For this task, retype the records below exactly.

== Records for this task ==

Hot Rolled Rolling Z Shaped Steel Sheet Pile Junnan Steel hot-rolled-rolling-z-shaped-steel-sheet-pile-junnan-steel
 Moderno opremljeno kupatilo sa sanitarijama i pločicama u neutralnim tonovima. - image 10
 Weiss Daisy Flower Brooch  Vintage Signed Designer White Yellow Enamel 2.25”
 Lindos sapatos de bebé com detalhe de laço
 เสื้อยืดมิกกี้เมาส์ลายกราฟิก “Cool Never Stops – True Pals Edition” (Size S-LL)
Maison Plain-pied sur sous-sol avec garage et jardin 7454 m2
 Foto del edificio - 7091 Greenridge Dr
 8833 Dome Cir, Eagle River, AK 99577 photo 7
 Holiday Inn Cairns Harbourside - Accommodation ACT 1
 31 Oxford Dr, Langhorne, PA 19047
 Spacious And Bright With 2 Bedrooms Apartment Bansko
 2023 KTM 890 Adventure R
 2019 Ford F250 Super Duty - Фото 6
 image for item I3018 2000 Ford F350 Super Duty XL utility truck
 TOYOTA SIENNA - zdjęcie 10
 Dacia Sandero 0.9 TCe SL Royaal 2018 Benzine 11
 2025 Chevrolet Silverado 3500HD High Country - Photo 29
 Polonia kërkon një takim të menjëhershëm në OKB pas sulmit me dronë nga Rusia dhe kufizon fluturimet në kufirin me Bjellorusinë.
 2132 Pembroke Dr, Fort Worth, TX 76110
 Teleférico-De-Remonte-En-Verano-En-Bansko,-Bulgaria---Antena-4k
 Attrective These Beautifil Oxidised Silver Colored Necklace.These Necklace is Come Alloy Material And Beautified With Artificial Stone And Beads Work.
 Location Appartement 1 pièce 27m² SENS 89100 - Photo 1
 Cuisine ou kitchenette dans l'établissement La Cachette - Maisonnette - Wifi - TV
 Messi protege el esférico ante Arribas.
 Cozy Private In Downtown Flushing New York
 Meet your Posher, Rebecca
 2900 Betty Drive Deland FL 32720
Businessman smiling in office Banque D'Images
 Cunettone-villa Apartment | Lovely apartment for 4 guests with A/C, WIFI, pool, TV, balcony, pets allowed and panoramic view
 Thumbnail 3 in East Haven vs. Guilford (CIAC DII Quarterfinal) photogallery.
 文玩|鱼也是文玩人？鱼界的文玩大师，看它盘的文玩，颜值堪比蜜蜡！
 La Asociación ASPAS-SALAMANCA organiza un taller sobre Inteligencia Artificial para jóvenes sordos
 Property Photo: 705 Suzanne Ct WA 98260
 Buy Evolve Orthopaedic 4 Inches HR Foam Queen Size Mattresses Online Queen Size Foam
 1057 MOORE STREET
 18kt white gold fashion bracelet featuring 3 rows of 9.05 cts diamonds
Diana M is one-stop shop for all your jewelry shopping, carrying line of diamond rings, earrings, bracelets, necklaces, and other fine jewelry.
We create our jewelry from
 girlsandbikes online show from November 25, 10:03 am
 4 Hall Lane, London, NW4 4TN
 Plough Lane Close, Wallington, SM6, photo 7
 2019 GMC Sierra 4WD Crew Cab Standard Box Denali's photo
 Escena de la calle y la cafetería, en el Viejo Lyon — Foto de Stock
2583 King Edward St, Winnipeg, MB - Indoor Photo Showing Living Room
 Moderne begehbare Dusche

===

> Task output:
Hot Rolled Rolling Z Shaped Steel Sheet Pile Junnan Steel hot-rolled-rolling-z-shaped-steel-sheet-pile-junnan-steel
 Moderno opremljeno kupatilo sa sanitarijama i pločicama u neutralnim tonovima. - image 10
 Weiss Daisy Flower Brooch  Vintage Signed Designer White Yellow Enamel 2.25”
 Lindos sapatos de bebé com detalhe de laço
 เสื้อยืดมิกกี้เมาส์ลายกราฟิก “Cool Never Stops – True Pals Edition” (Size S-LL)
Maison Plain-pied sur sous-sol avec garage et jardin 7454 m2
 Foto del edificio - 7091 Greenridge Dr
 8833 Dome Cir, Eagle River, AK 99577 photo 7
 Holiday Inn Cairns Harbourside - Accommodation ACT 1
 31 Oxford Dr, Langhorne, PA 19047
 Spacious And Bright With 2 Bedrooms Apartment Bansko
 2023 KTM 890 Adventure R
 2019 Ford F250 Super Duty - Фото 6
 image for item I3018 2000 Ford F350 Super Duty XL utility truck
 TOYOTA SIENNA - zdjęcie 10
 Dacia Sandero 0.9 TCe SL Royaal 2018 Benzine 11
 2025 Chevrolet Silverado 3500HD High Country - Photo 29
 Polonia kërkon një takim të menjëhershëm në OKB pas sulmit me dronë nga Rusia dhe kufizon fluturimet në kufirin me Bjellorusinë.
 2132 Pembroke Dr, Fort Worth, TX 76110
 Teleférico-De-Remonte-En-Verano-En-Bansko,-Bulgaria---Antena-4k
 Attrective These Beautifil Oxidised Silver Colored Necklace.These Necklace is Come Alloy Material And Beautified With Artificial Stone And Beads Work.
 Location Appartement 1 pièce 27m² SENS 89100 - Photo 1
 Cuisine ou kitchenette dans l'établissement La Cachette - Maisonnette - Wifi - TV
 Messi protege el esférico ante Arribas.
 Cozy Private In Downtown Flushing New York
 Meet your Posher, Rebecca
 2900 Betty Drive Deland FL 32720
Businessman smiling in office Banque D'Images
 Cunettone-villa Apartment | Lovely apartment for 4 guests with A/C, WIFI, pool, TV, balcony, pets allowed and panoramic view
 Thumbnail 3 in East Haven vs. Guilford (CIAC DII Quarterfinal) photogallery.
 文玩|鱼也是文玩人？鱼界的文玩大师，看它盘的文玩，颜值堪比蜜蜡！
 La Asociación ASPAS-SALAMANCA organiza un taller sobre Inteligencia Artificial para jóvenes sordos
 Property Photo: 705 Suzanne Ct WA 98260
 Buy Evolve Orthopaedic 4 Inches HR Foam Queen Size Mattresses Online Queen Size Foam
 1057 MOORE STREET
 18kt white gold fashion bracelet featuring 3 rows of 9.05 cts diamonds
Diana M is one-stop shop for all your jewelry shopping, carrying line of diamond rings, earrings, bracelets, necklaces, and other fine jewelry.
We create our jewelry from
 girlsandbikes online show from November 25, 10:03 am
 4 Hall Lane, London, NW4 4TN
 Plough Lane Close, Wallington, SM6, photo 7
 2019 GMC Sierra 4WD Crew Cab Standard Box Denali's photo
 Escena de la calle y la cafetería, en el Viejo Lyon — Foto de Stock
2583 King Edward St, Winnipeg, MB - Indoor Photo Showing Living Room
 Moderne begehbare Dusche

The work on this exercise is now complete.